Il volume Works for Flute sottolinea il profondo interesse di Togni per la poetica del flauto. Nel 1977 eseguisti a Napoli per primo i suoi Five pieces for flute and guitar, lì inizia tra voi un vivace scambio umano e artistico. Ci puoi raccontare questa vicenda.
«La mia amicizia con Camillo Togni risale alla fine degli anni sessanta, quando intrapresi con lui gli studi di composizione. Togni era musicista molto colto e raffinato, amava l’arte e aveva studiato pianoforte con Alfred Cortot e Arturo Benedetti Michelangeli. Ottimo pianista, abbiamo suonato assieme in concerto in importanti stagioni. In quegli anni ebbe inizio anche il progetto Blaubart, che mi vide flauto e voce recitante al Teatro alla Scala nel 1978».
«La gestazione dei Five Pieces for flute and guitar inizia nei primi anni settanta. Nel 1975 ho eseguito i tre brani per flauto solo in varie occasioni come preludi, in seguito Togni aggiunse i due brani per flauto e chitarra. Questi brani alternati divennero Five Pieces for flute and guitar. La prima esecuzione del lavoro così completato fu nel 1977 al Festival di Napoli Nuova musica e oltre, organizzato da Mario Bortolotto».
Quali aspetti interpretativi pongono le sue partiture al tuo strumento?
«Le sue partiture impongono grande severità interpretativa. La sua scrittura è precisa e dettagliata. L’interprete deve confrontarsi con un segno dove tutto è calcolato e coniugato a respiro ed espressività».
L’adesione giovanile alla dodecafonia ha segnato costantemente il percorso compositivo di Togni, mi pare però che in Fantasia concertante del 1957, l’ultima traccia del cd, convivano aspetti strutturali ed espressivi che se ne allontanano.
«La Fantasia concertante è esempio di quanto appena detto, richiede all’interprete rigore tecnico, virtuosità e creatività. Ne è stato ispiratore Severino Gazzelloni.
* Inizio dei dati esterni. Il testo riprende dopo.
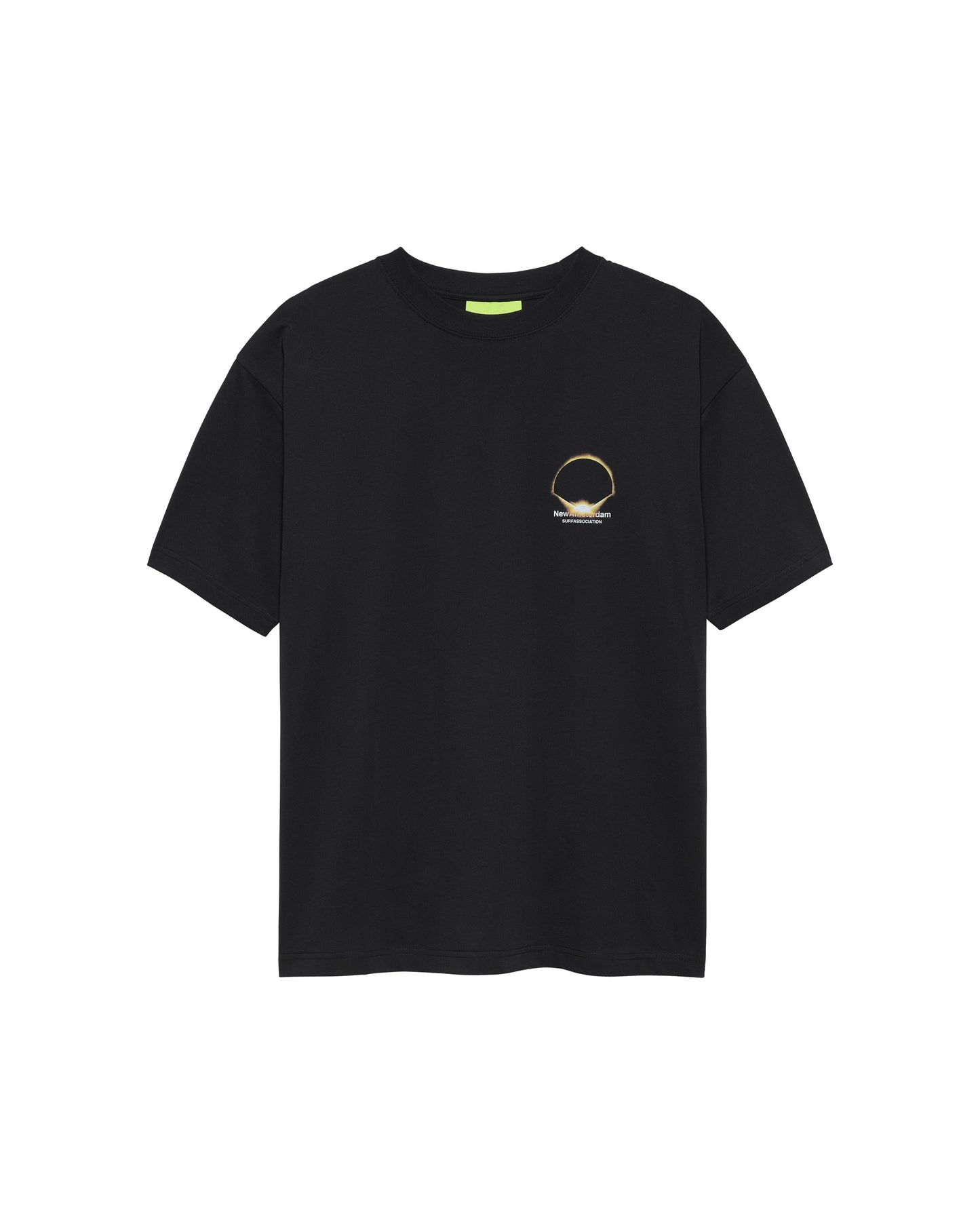 New Amsterdam Surf Association Eclipse Tee in Black - Front View Flat Lay Eclipse Chest Graphic Neon Label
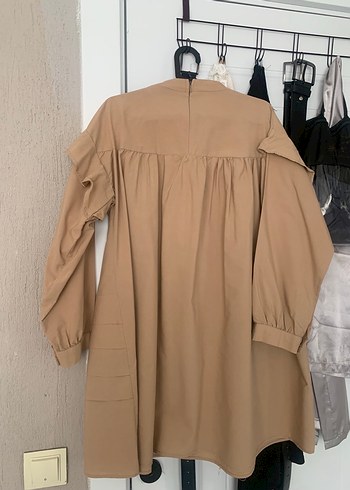 Bej-Kahverengi Uzun Kollu Bol kesim tunik - Görsel 3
Un errore dare di Togni una lettura pensando solo ad altezze e serie, la sua italianità si esprimeva in un innato senso per la melodia. Del resto anche Dallapiccola e Maderna posero l’accento sull’aspetto melodico e sul fraseggio di una serie. Serie trattate come melodie per una espressività che contraddistingue la mentalità e la scuola italiana».
Con il tuo strumento hai attraversato gran parte del repertorio contemporaneo. È possibile fare un confronto tra il flauto secondo Togni rispetto, per esempio, a Scelsi e Nono?
«Ho imparato molto dal mio amico-maestro Camillo Togni nella analisi dei dettagli e nel controllo assoluto del suono. Questo sicuramente mi è stato di aiuto anche nell’interpretazione delle partiture di Scelsi e Nono. Se Togni ha sviluppato in un senso molto personale ed espressivo la serie, Scelsi e Nono, partendo dalle stesse conoscenze ed esperienze hanno navigato verso ulteriori lidi distaccandosi, nella maturità, dalla scrittura seriale. Scelsi cercando sonorità orientali e mistiche e fondendole con la musica colta occidentale. Nono lavorando sui colori e le dinamiche oltre che sulle tecniche di emissione del suono e fondendole con le innovazioni tecnologiche derivanti dall’uso dell’elettronica».